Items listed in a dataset
=-=-=-=-=

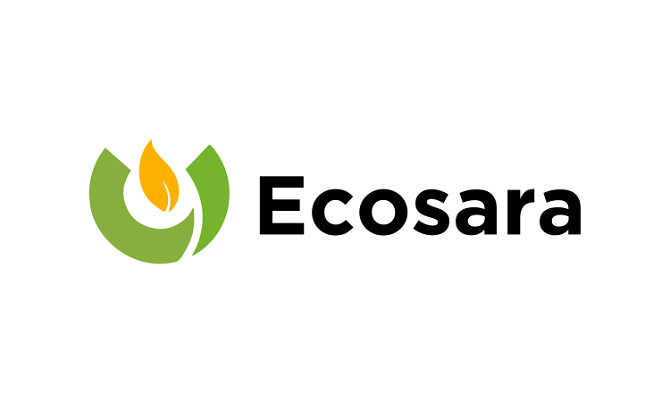 Ecosara.com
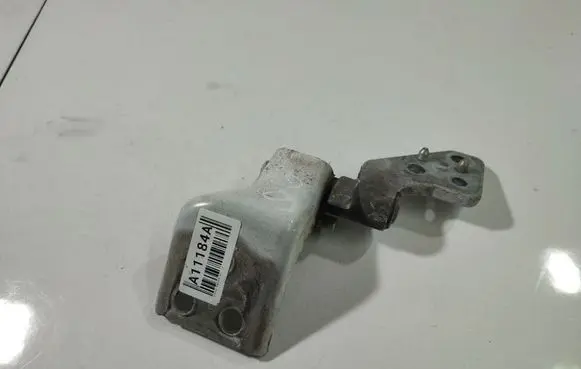 Citroen Berlingo Rear door lower hinge 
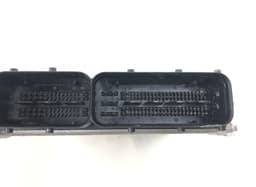 FIAT MJD8F3.F1 BC.0117715.A BC.0111097.B BC.0171097.C Engine Control Unit / module (ECU) FIAT FIORINO III (225) (2008-2023) — thumbnail 3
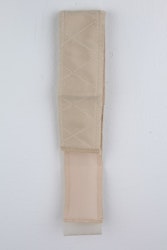 Comfort Band - Ellen Wille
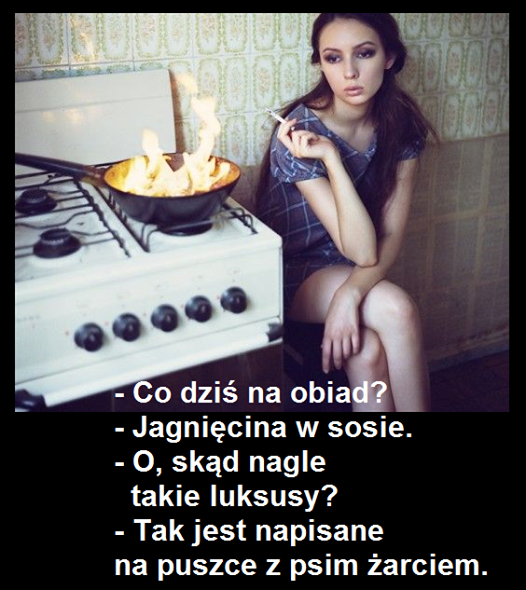 137083877_4244105032270369_7221307127557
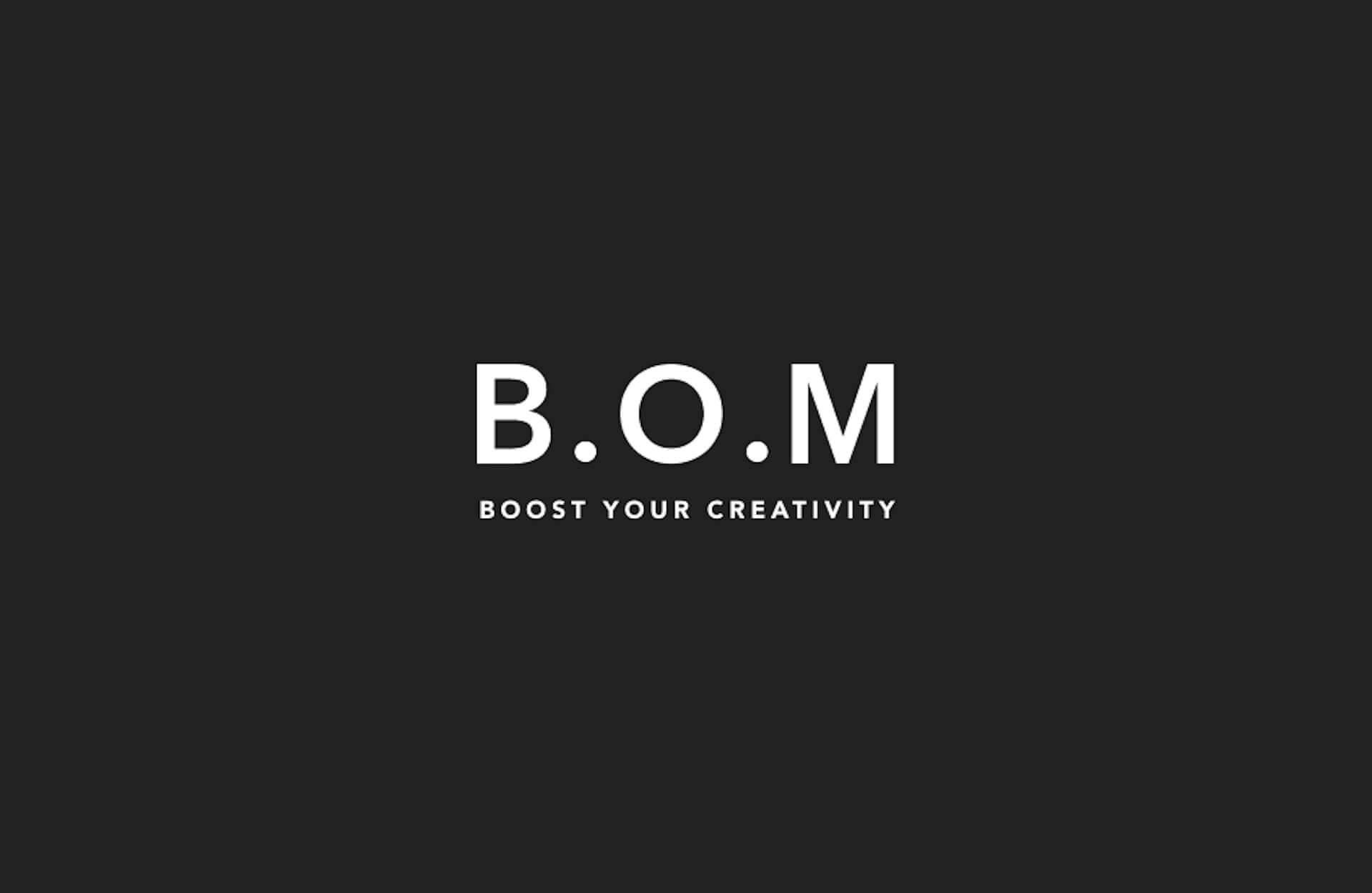 配信中の楽曲URLを一括で管理＆分析！全てのアーティストに向けたPR／マーケティングツール「B.O.M」の無料版が公開 tech200818_bom_6-1920x1250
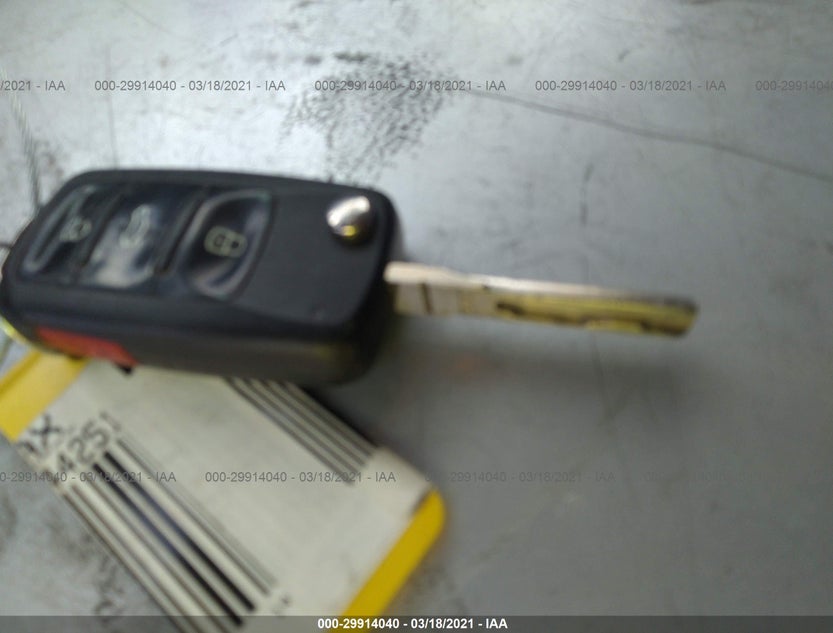 3VW1K7AJ7EM442516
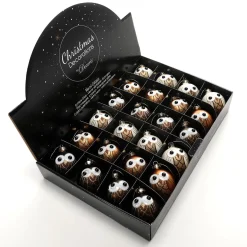 Bola De Cristal Para Colgar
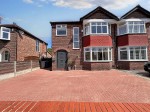 Images for Alston Avenue, Sale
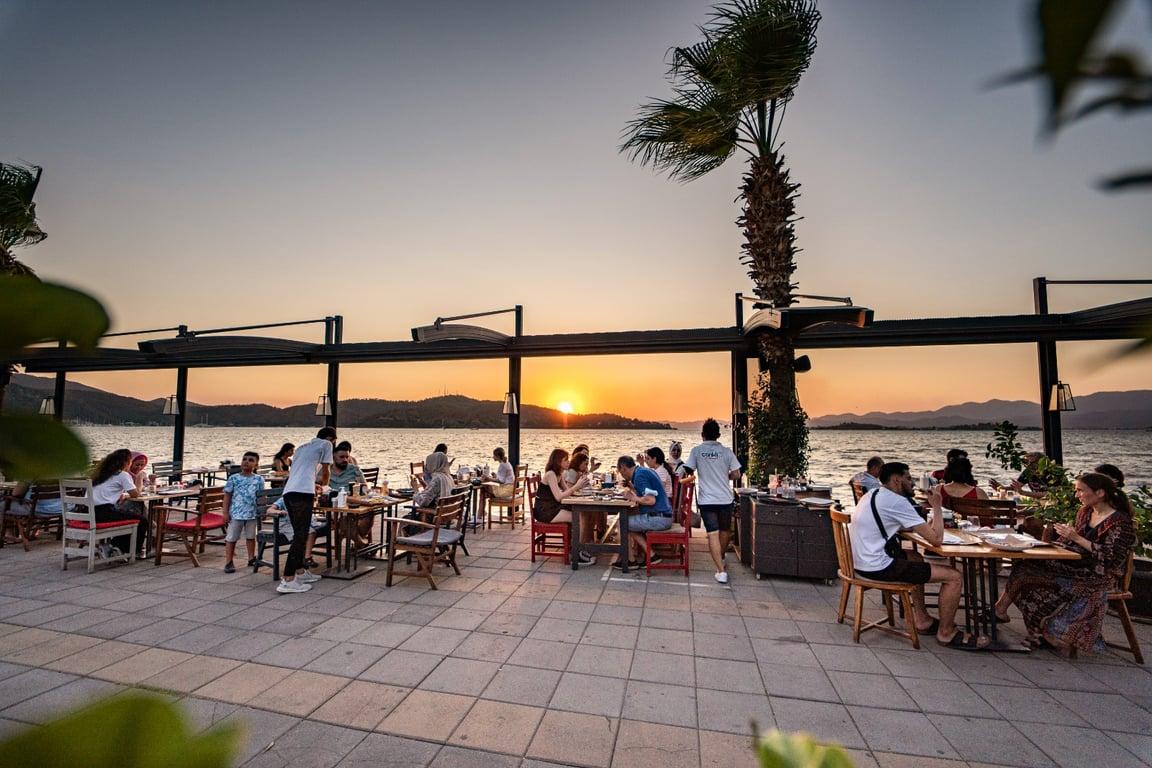 Çarıklı Et Restaurant fotoğraf 11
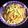 Amisha's cooksnap of when they made ভেজ চাউমিন (veg chow mein recipe in Bengali).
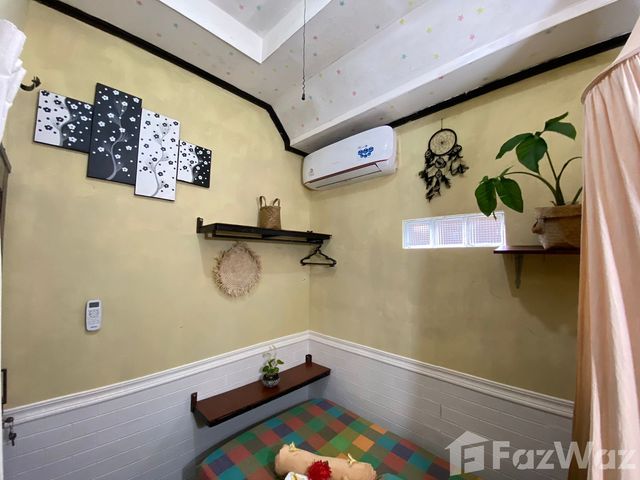 place photo 97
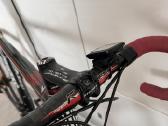 Felt F5 - nuotraukos Nr. 5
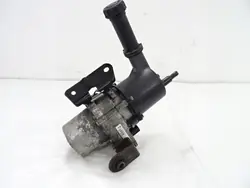 Pompe de direction assistée Citroen DS5 OEM A5101477+C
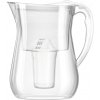 Aquaphor Lyon 3,8 l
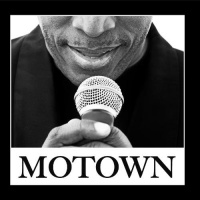 Motown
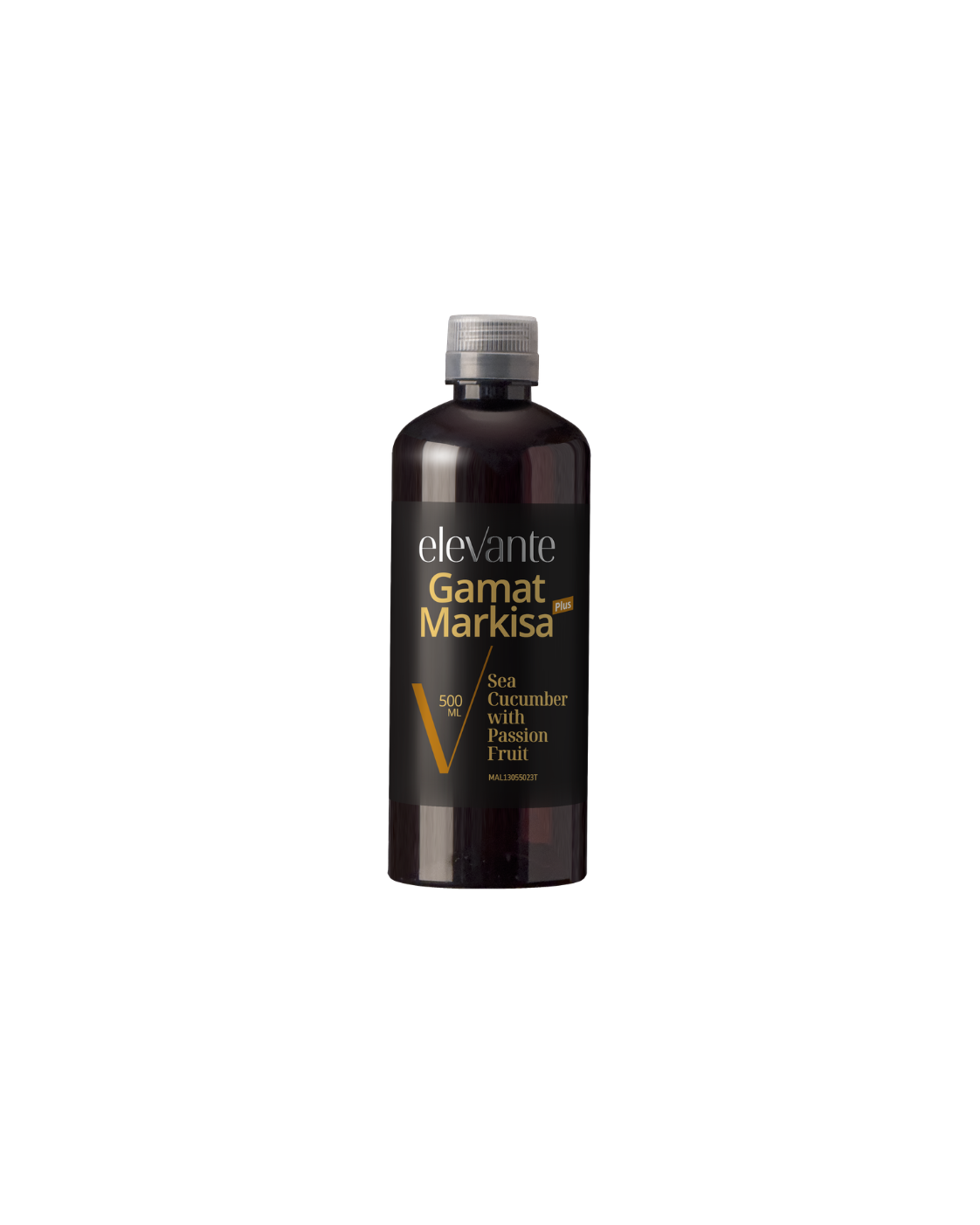Featured Product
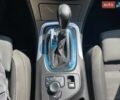 Білий Опель Інсігнія, об'ємом двигуна 1.96 л та пробігом 319 тис. км за 5990 $, фото 20 на Automoto.ua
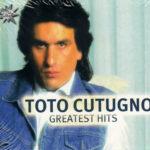 toto-cutugno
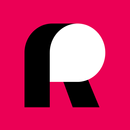 Rail Europe APK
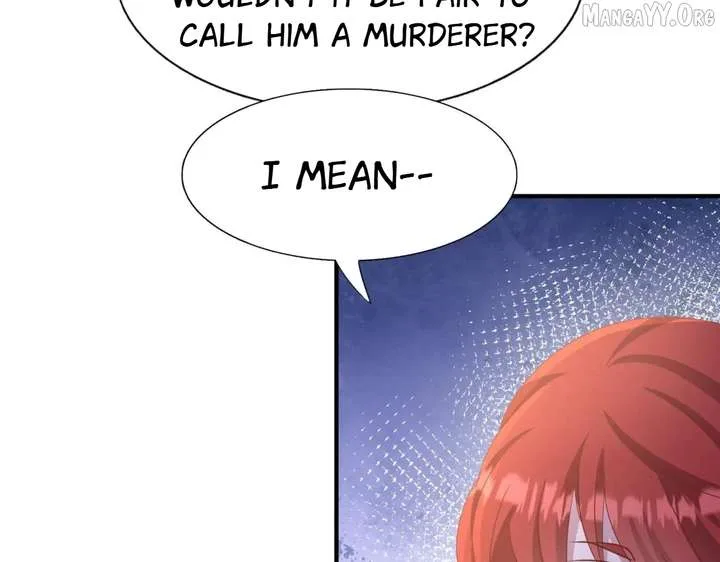 Don’t Embarrass Me Chapter 191 page 63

=-=-=-=-=

**Problem statement**
Set down the lines from the one containing "Aquaphor Lyon 3,8 l" through the last line of the records above, both included, exactly as they appear and with no other text. Pictures should not be set down.

**Answer to the problem**
 Aquaphor Lyon 3,8 l
 Motown
Featured Product
 Білий Опель Інсігнія, об'ємом двигуна 1.96 л та пробігом 319 тис. км за 5990 $, фото 20 на Automoto.ua
 toto-cutugno
 Rail Europe APK
 Don’t Embarrass Me Chapter 191 page 63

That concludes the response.